My favourite. My family gathers on Christmas eve, we watch "It's a Wonderful Life" (I fall in love a little more every year with George Bailey) and we eat dinner while listening to the late Alan Maitland read "The Shepherd" on CBC radio. It's magic.
My family always watches Christmas Vacation at least once during the holidays. We used to go to my grandma's house every Christmas Eve, but now that she's gone we need a new tradition.
We have still been trying to figure out the whole Christmas traditions thing. We are pretty laid back so traditions are hard to keep for us, we do have an advent calender that's about it and reading a different Christmas book every night.
My favorite Christmas tradition started when my kids were little. Every year, we go to a local Christmas store and everyone picks out a new ornament ($20 limit). We make a day of it, with hot cocoa and looking at lights, shopping, the whole shebang. They are teens now but they still LOVE the ornament shopping trip, selecting just the right one, and hanging all their special ornaments on the tree. And when they're ready to go out on their own, they'll have a box of ornaments to take with them to decorate their own tree.
As many nights as possible during the holidays, we have a fire in the fireplace, and watch a Christmas movie w/ popcorn. I also *love* Christmas music (a little more than the rest of my family...) and when my kids were little Christmas books were a VERY big deal! I have very fond memories of those stories :)
we always decorate the tree on Dec. 6 (st. Nicholas Day). The night before, everyone leaves out their shoes to find them filled with candy and a gift the next morning.
Christmas Eve includes a church service and a trip to drive around looking at lights.
"It's a Wonderful Life," at least one version of "A Christmas Carol" and "christmas Vacation" are must-sees during the season.
Then, Jan 6 the tree comes down without fail. It's Epiphany, so the night before, the kids lay out their shoes again for the wise Men to put in a small gift and some candy. It's the last hurrah for the season and takes the sting out of un-decorating the tree.
My most beloved tradition is that every Christmas morning when we were kids my parents would play Rita Ford's "A Music Box Christmas" when we came down the stairs and opened our presents...I bought my own CD of it so I can keep the tradition going in my own house. The music is SO magical, you should look into it!
my girls are growing up and things are changing...parents aging too...looking to change things up a bit:)
Oh I meant to add that we always watch National Lampoon...and Elf and A christmas story...lol...and make peppermint patties...find and decorate an alternative "tree" which is a big branch that needs cutting...the kids make us coffee in the morning before getting us up..
The one tradition that has stuck with me, from childhood onward, is making roll-out and cut-out honey cookies. I've made them every year since grammar school. And just made this year's batch over the weekend.
Having a kid anchored our routine. Before her, cooking a fancy dinner on the 24th and singing songs in both our languages was our thing, and we always had a tree of some kind. Now we still keep with that, and bake cookie-cutter cookies and watch a local boat parade and drive around hunting for light-covered houses. Always. Kids make Christmas permanently nice!

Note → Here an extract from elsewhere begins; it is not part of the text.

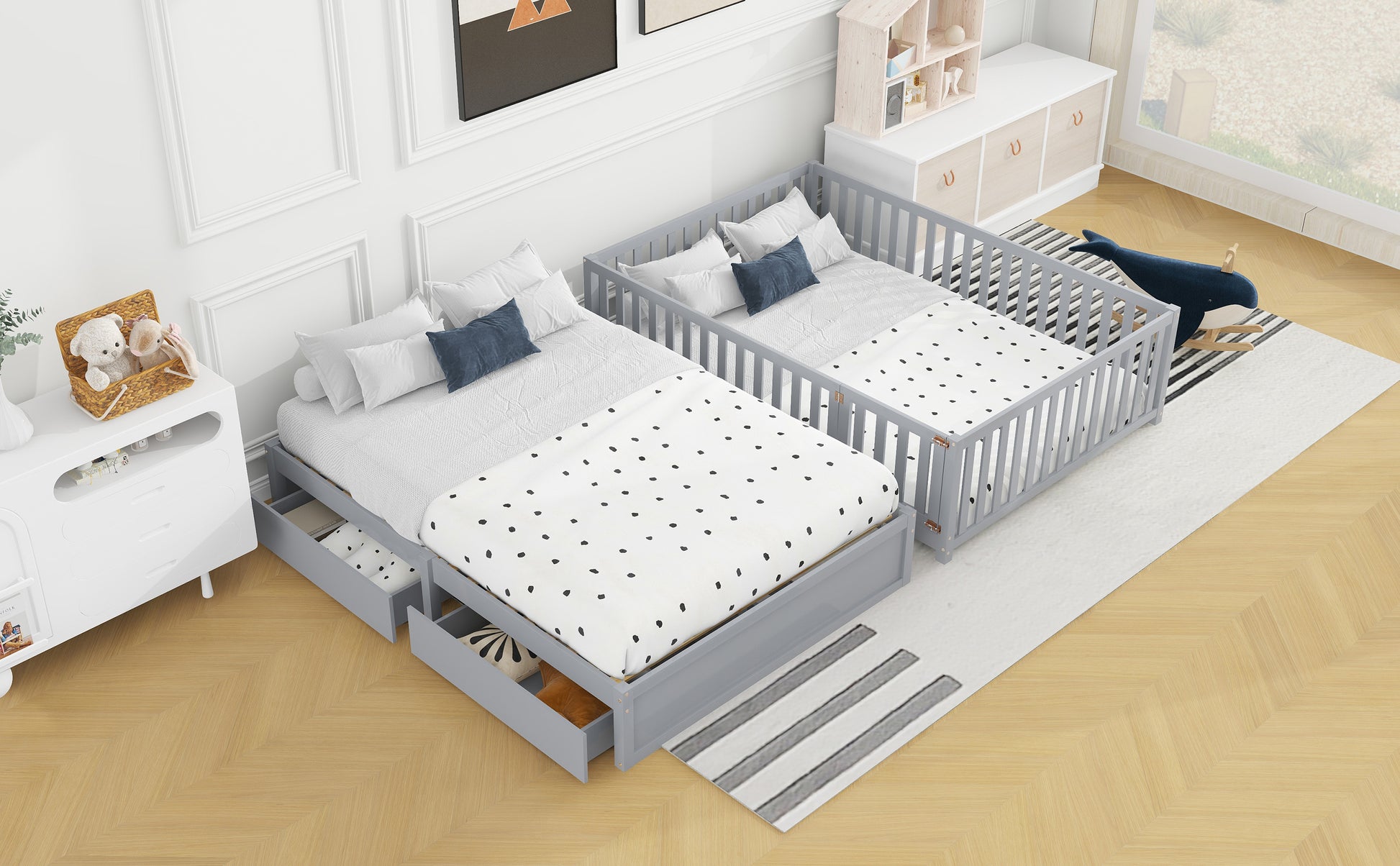 Full Size Wood Daybed With Fence Guardrails And 2 Drawers, Split Into Independent Floor Bed & Daybed, Gray Old Sku :Lp000882Aae Full Gray Solid Wood Mdf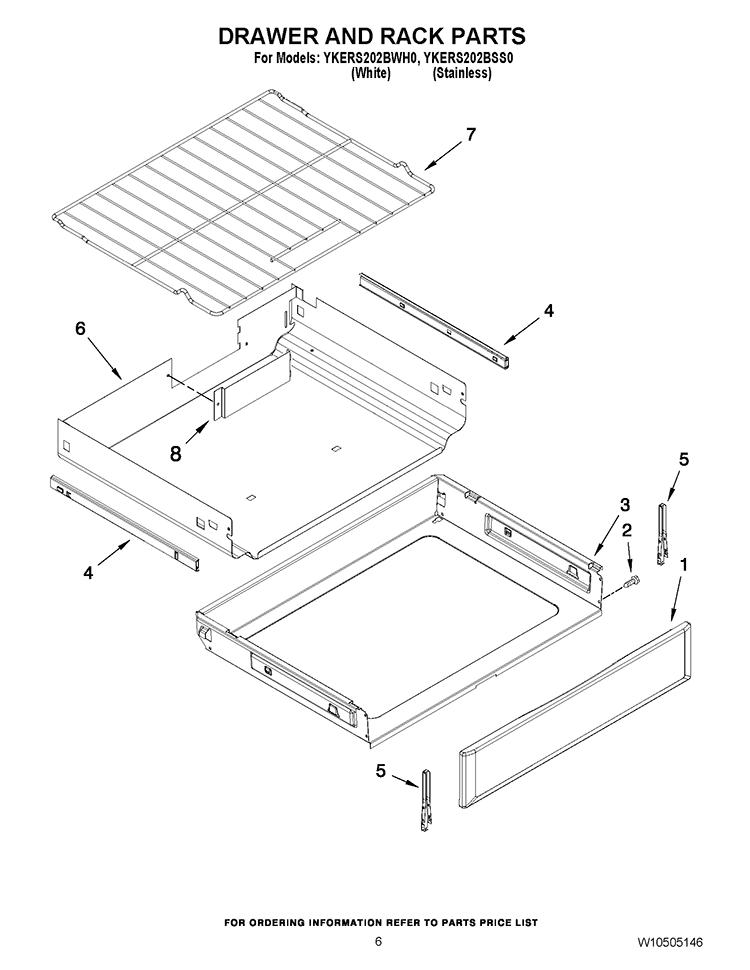 DRAWER AND RACK PARTS Diagram and Parts List for YKERS202BWH0  KitchenAid Range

It seems that since my parents separated all our good traditions have gone and we're just left with the festive b*tching about having to cook every year by my mother and aunt, my grandmother addressing me with 'Hopper may be the only grandchild that didnt finish university but at least she can ______'. And my cousins turning up, eating, talking about how brilliant they are and leaving to meet friends at the pub as quickly as possible.
I really like my family a little less at Christmas time.
Fudge for breakfast on Christmas Morning! That is the inviolable rule.
I'm with you hopper - we have a family meal with all my cousins and each person has to stand up and say what they did that year. Well, I am married, have two kids. We plug away at our bills. How exciting compared to those finishing university, traveling the world, and so on. I hate feeling like my whole year gets summed up in one minute and then it feels like it was wasted.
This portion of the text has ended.